SUPPLIED RECORDS below:
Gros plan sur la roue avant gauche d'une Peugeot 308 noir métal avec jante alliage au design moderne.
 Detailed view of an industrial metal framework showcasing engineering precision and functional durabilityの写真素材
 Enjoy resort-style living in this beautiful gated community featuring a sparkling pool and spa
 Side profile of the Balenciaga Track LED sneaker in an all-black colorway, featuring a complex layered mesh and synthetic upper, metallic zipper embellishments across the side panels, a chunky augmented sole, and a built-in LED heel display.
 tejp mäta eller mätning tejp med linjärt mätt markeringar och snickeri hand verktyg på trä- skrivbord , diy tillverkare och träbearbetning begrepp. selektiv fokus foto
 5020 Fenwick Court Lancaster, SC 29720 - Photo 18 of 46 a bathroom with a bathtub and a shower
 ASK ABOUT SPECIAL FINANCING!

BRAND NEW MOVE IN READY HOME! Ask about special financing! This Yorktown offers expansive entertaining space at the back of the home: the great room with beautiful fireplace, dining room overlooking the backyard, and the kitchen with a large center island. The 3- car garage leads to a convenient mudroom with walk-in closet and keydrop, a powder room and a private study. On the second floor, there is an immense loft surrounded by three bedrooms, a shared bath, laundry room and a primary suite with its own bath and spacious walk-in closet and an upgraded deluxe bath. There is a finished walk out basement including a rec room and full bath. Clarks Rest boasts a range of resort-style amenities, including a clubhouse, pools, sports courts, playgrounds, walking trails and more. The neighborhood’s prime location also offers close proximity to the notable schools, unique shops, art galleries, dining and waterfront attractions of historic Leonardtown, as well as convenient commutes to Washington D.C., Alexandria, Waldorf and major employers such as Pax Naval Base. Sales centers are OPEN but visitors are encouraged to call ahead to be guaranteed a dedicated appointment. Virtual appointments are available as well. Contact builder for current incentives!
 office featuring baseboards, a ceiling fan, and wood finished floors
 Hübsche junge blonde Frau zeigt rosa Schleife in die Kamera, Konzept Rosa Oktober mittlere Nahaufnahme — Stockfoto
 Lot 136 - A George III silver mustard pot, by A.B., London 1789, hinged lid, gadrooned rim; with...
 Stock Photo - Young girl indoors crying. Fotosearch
End of SUPPLIED RECORDS.
▸ **PROMPT**
Only the lines from the beginning of the listing through the line containing "office featuring baseboards, a" are wanted, each restated word for word.

▸ **RESULT OF THE EXERCISE**
Gros plan sur la roue avant gauche d'une Peugeot 308 noir métal avec jante alliage au design moderne.
 Detailed view of an industrial metal framework showcasing engineering precision and functional durabilityの写真素材
 Enjoy resort-style living in this beautiful gated community featuring a sparkling pool and spa
 Side profile of the Balenciaga Track LED sneaker in an all-black colorway, featuring a complex layered mesh and synthetic upper, metallic zipper embellishments across the side panels, a chunky augmented sole, and a built-in LED heel display.
 tejp mäta eller mätning tejp med linjärt mätt markeringar och snickeri hand verktyg på trä- skrivbord , diy tillverkare och träbearbetning begrepp. selektiv fokus foto
 5020 Fenwick Court Lancaster, SC 29720 - Photo 18 of 46 a bathroom with a bathtub and a shower
 ASK ABOUT SPECIAL FINANCING!

BRAND NEW MOVE IN READY HOME! Ask about special financing! This Yorktown offers expansive entertaining space at the back of the home: the great room with beautiful fireplace, dining room overlooking the backyard, and the kitchen with a large center island. The 3- car garage leads to a convenient mudroom with walk-in closet and keydrop, a powder room and a private study. On the second floor, there is an immense loft surrounded by three bedrooms, a shared bath, laundry room and a primary suite with its own bath and spacious walk-in closet and an upgraded deluxe bath. There is a finished walk out basement including a rec room and full bath. Clarks Rest boasts a range of resort-style amenities, including a clubhouse, pools, sports courts, playgrounds, walking trails and more. The neighborhood’s prime location also offers close proximity to the notable schools, unique shops, art galleries, dining and waterfront attractions of historic Leonardtown, as well as convenient commutes to Washington D.C., Alexandria, Waldorf and major employers such as Pax Naval Base. Sales centers are OPEN but visitors are encouraged to call ahead to be guaranteed a dedicated appointment. Virtual appointments are available as well. Contact builder for current incentives!
 office featuring baseboards, a ceiling fan, and wood finished floors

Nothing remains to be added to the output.